|
The Inflation Update: July 2002 Columbus, Ohio
First a few words about deflation:
Deflation is when prices are falling on average, it is not when
some prices rise and some prices fall.
The objective of most central banks is to stabilize prices on
average, which means some prices will be falling while some will be
rising. Not everyone is going to be happy about this, especially the ones
running the companies whose product prices are falling.
And the result will be news reports suggesting that something needs
to be done about this “deflation.”
The something is monetary policy easing that will help firms get
their prices rising again. But
the reality is that the prices that are falling are just the ones that are
below average, and the closer the average is to zero, the more people
there will be below zero. That’s
price stability, not deflation. It is a sign of policy success, not policy
failure.
That brings us to this morning’s CPI report in which the BLS
reports inflation not deflation.
From June to July the all-items CPI rose a modest 1.3% (annual
rate), while core measure increased slightly more.

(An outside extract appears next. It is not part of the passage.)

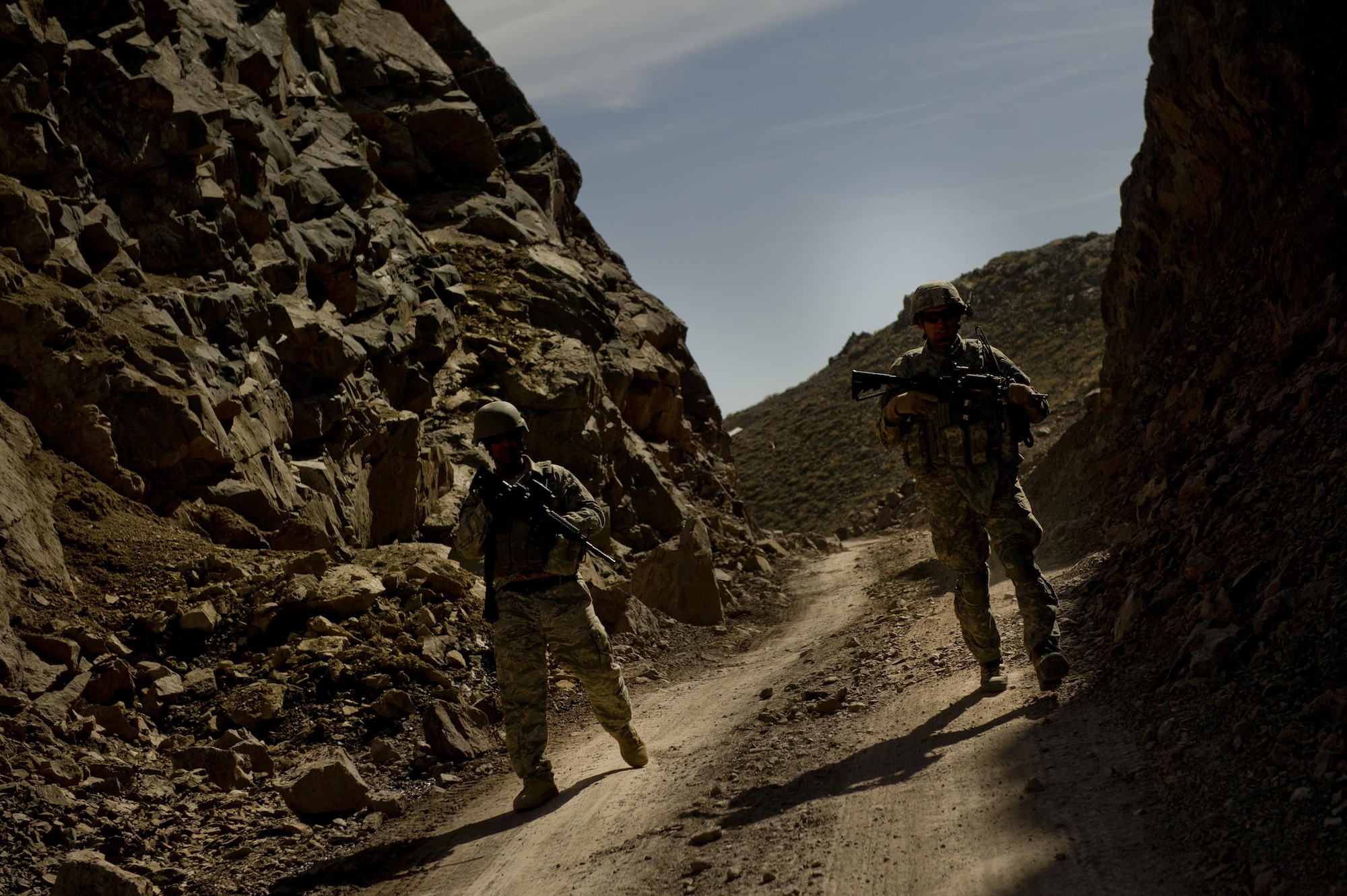 Air Force Lt. Col. Andy Veres, Provincial Reconstruction Team Zabul Commander, and Staff Sgt. Nyx Nieves Lopez, 1st Combat Camera Squadron help provide security in the Daub Pass of the mountains in Zabul province in Afghanistan during a short halt. The PRT was returning from a supply delivery mission to Forward Operating Base Sweeney. The PRT consists of members from the Air Force, Army, and civilian agencies.
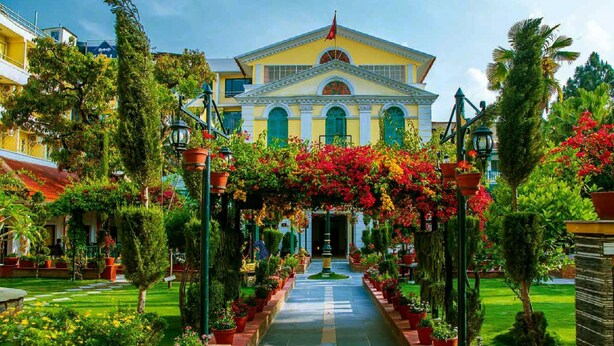 A hotel with a central courtyard, a symmetrical facade, and a flag atop the building. - Kathmandu Guest House by KGH Group (Kathmandu)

For the month the CPI excluding food and energy rose 1.9 percent
(a.r.) while the Median CPI computed by the Federal Reserve Bank of
Cleveland went up by 3.0% (a.r.).
Today marked the start of the release of the new BLS “Chained
Consumer Price Index” or CCPI. The
new index is designed to reduce the substitution bias arising from the use
of fixed expenditure weights in the conventional CPI.
The data begin in January 2000 and because the series is so short,
they are not seasonally adjusted (and I haven’t done it myself).
Nevertheless we can use the series to construct 12-month changes
and compare them to the other CPI series.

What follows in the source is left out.